Yale scientists have solved a puzzle of the immune system: how antibodies enter the nervous system to control viral infections. Their finding may have implications for the prevention and treatment of a range of conditions, including herpes and Guillain-Barre syndrome, which has been linked to the Zika virus.
Many viruses — such as West Nile, Zika, and the herpes simplex virus — enter the nervous system, where they were thought to be beyond the reach of antibodies. Yale immunobiologists Akiko Iwasaki and Norifumi Iijima used mice models to investigate how antibodies could gain access to nerve tissue in order to control infection.

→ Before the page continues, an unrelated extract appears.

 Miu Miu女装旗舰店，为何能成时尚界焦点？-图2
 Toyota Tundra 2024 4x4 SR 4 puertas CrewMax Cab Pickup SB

In mice infected with herpes, they observed a previously under-recognized role of CD4 T cells, a type of white blood cell that guards against infection by sending signals to activate the immune system. In response to herpes infection, CD4 T cells entered the nerve tissue, secreted signaling proteins, and allowed antibody access to infected sites. Combined, CD4 T cells and antibodies limited viral spread.
“This is a very elegant design of the immune system to allow antibodies to go to the sites of infection,” said Iwasaki. “The CD4 T cells will only go to the site where there is a virus. It’s a targeted delivery system for antibodies.”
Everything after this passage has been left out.